Data shown:
################
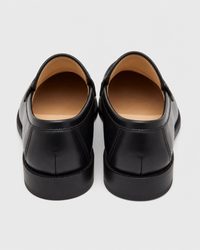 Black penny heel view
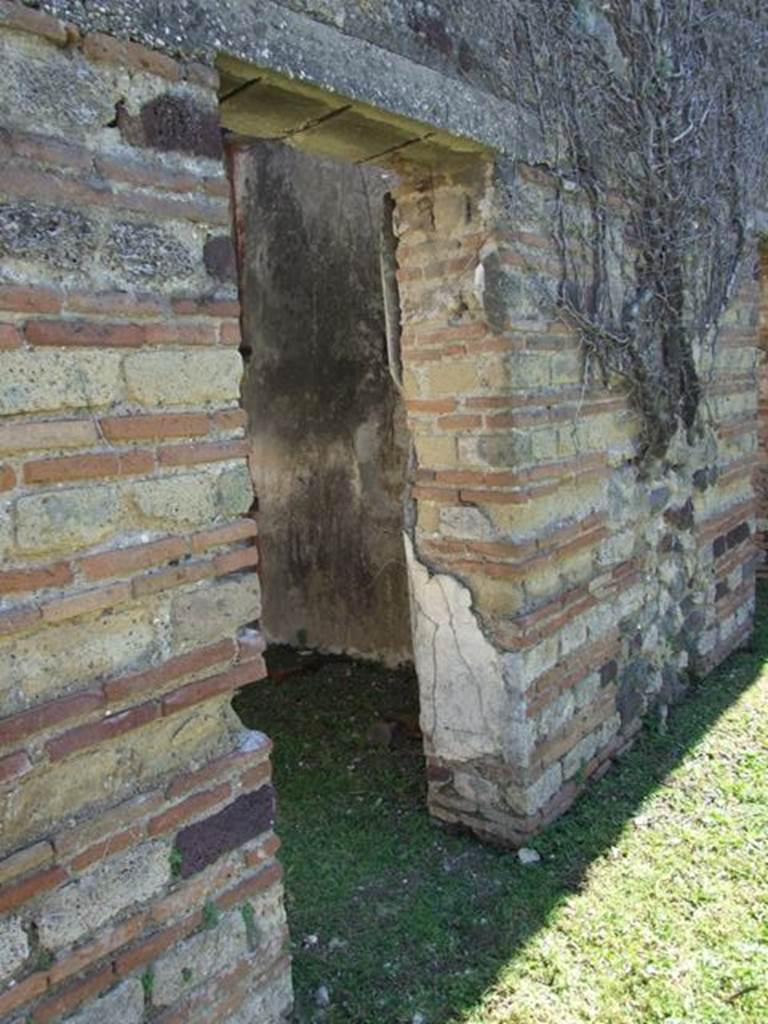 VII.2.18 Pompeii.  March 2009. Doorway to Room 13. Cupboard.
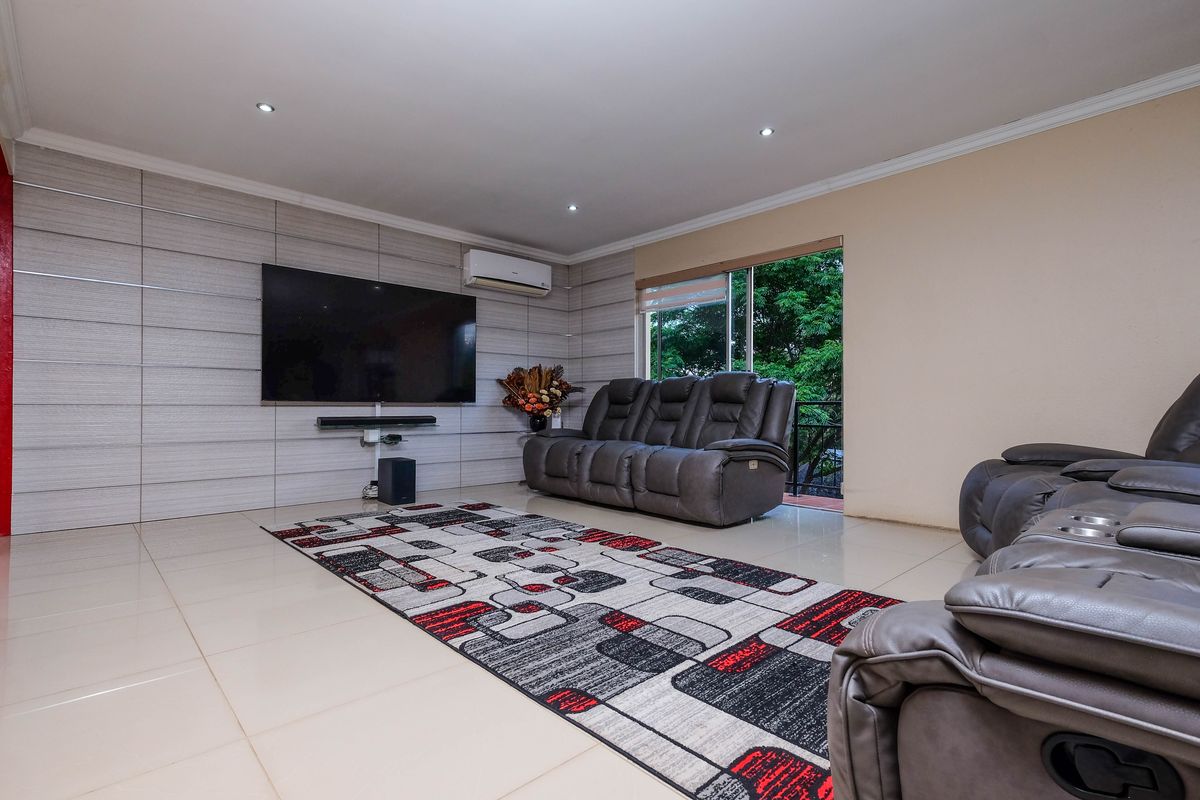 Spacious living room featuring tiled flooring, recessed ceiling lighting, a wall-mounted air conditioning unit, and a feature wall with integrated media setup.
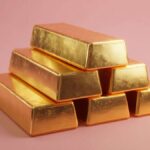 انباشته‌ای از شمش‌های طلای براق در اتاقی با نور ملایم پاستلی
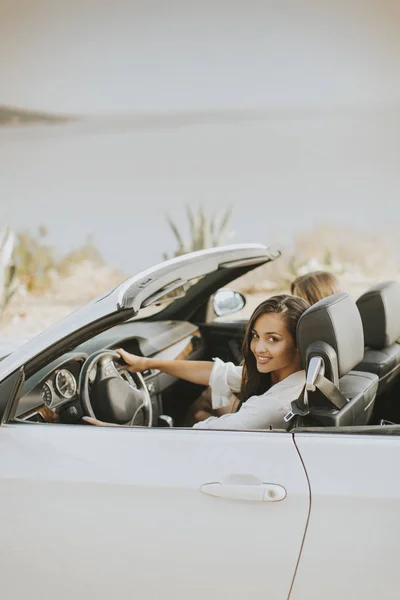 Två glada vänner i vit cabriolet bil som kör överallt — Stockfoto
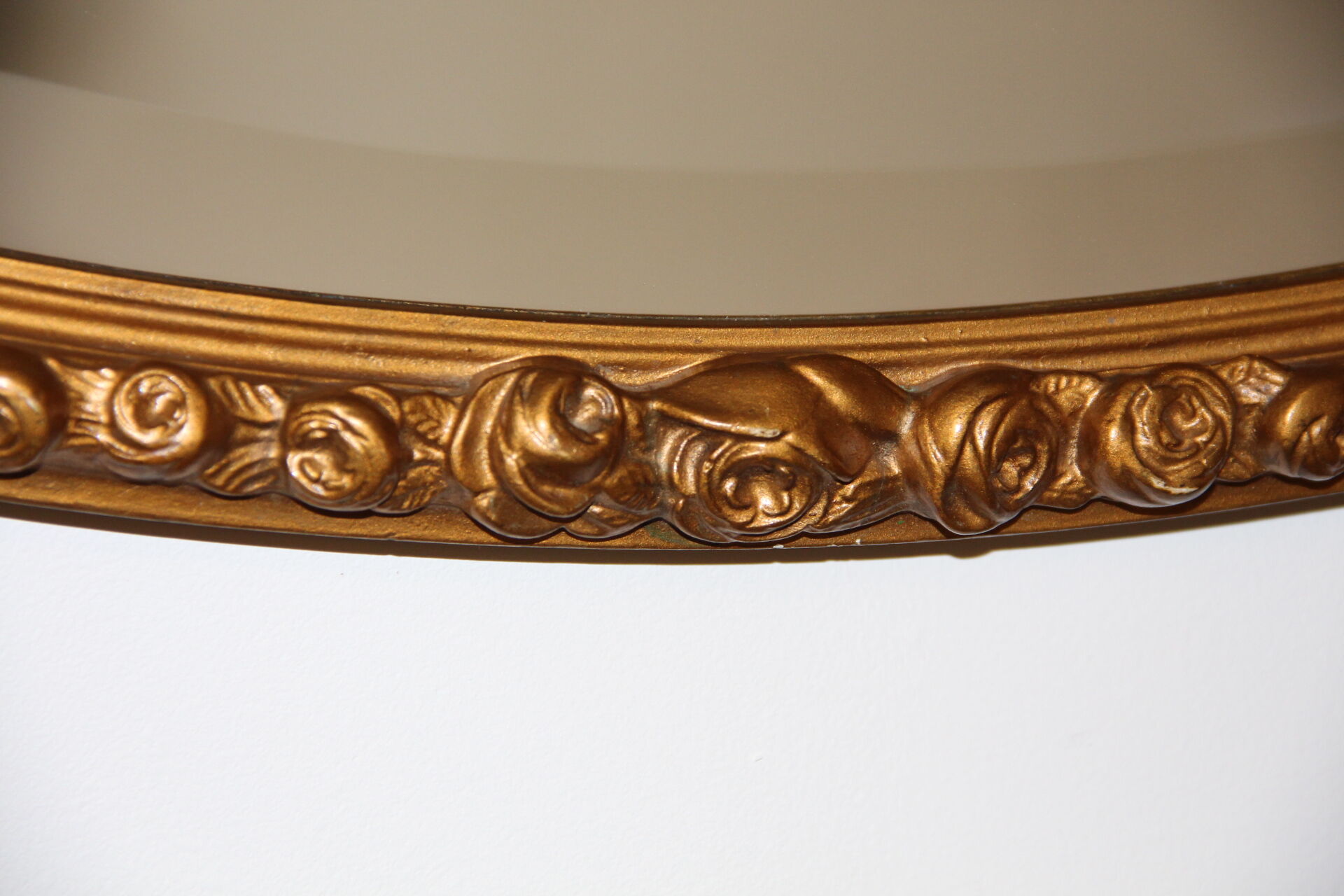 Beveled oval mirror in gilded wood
################
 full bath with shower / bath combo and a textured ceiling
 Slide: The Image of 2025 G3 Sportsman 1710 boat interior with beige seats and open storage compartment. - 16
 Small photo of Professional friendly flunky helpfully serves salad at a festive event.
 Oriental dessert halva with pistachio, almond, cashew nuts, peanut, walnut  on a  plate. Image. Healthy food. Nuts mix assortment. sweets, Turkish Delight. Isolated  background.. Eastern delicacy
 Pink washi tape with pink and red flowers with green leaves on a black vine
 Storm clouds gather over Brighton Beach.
################
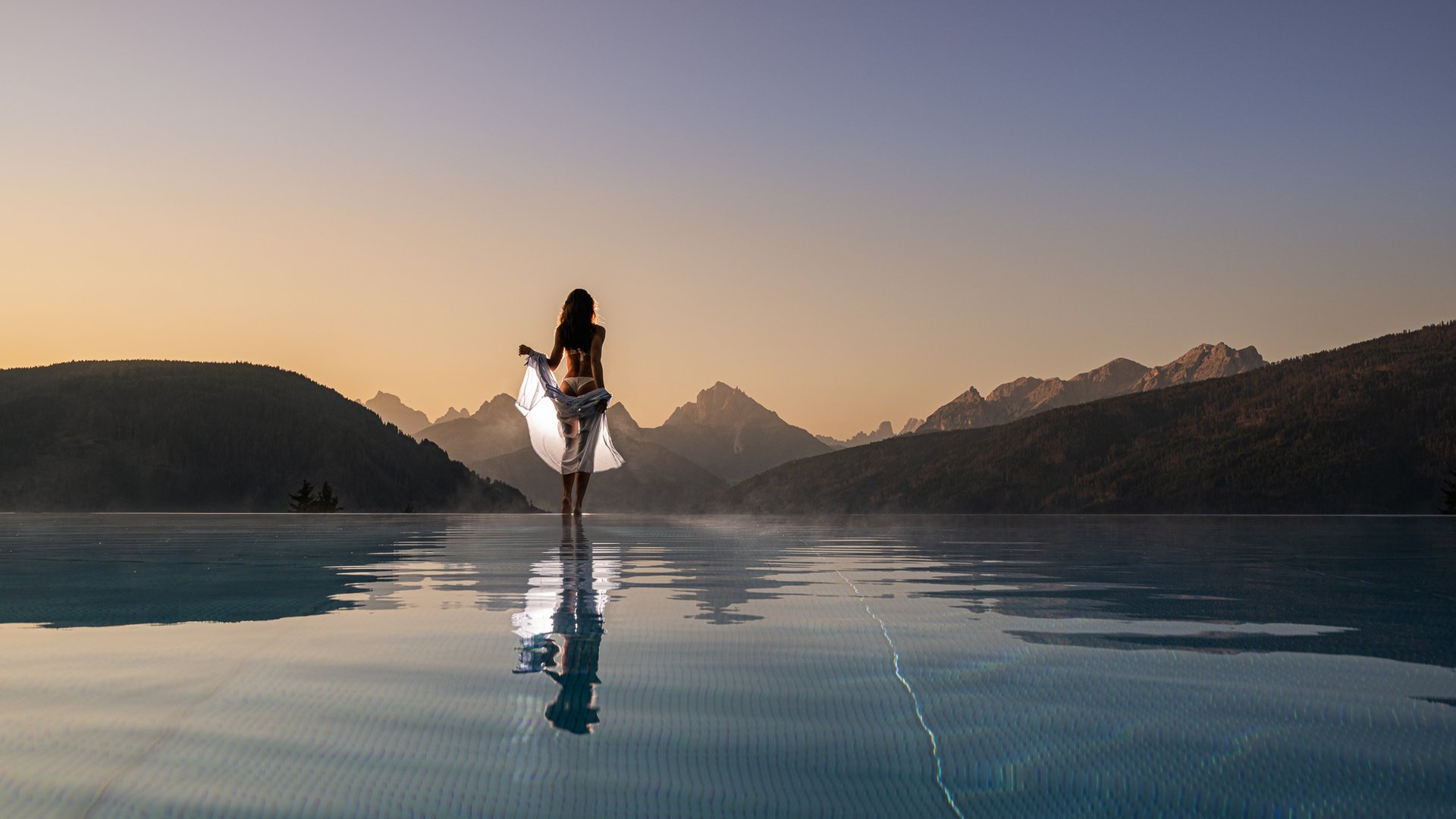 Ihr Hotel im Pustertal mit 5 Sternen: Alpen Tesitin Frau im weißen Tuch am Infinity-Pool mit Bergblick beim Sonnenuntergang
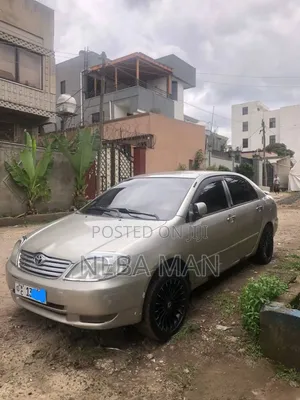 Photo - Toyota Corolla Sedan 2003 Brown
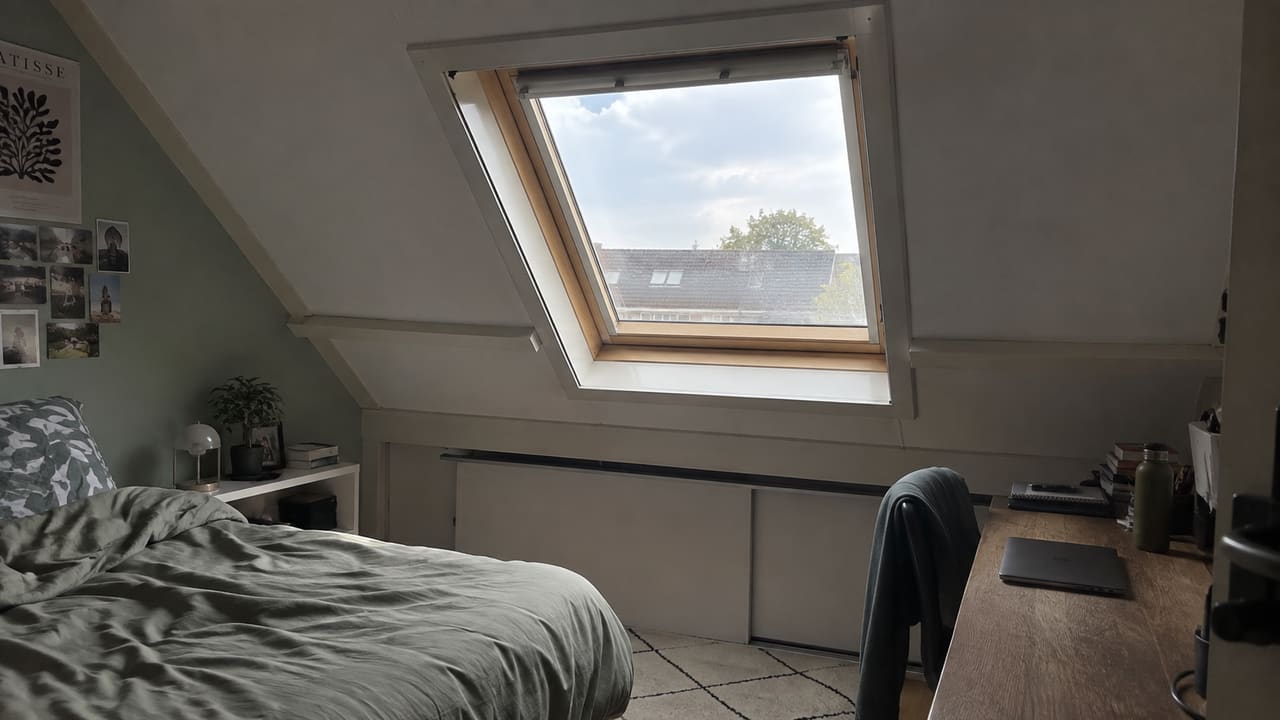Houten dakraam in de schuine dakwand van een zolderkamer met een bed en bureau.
################
Exercise prompt:
Return only the part above that opens with the line containing "Black penny heel view" and closes with the line containing "Spacious living room", exactly and with both ends, skipping the pictures.

Completed task:
 Black penny heel view
 VII.2.18 Pompeii.  March 2009. Doorway to Room 13. Cupboard.
 Spacious living room featuring tiled flooring, recessed ceiling lighting, a wall-mounted air conditioning unit, and a feature wall with integrated media setup.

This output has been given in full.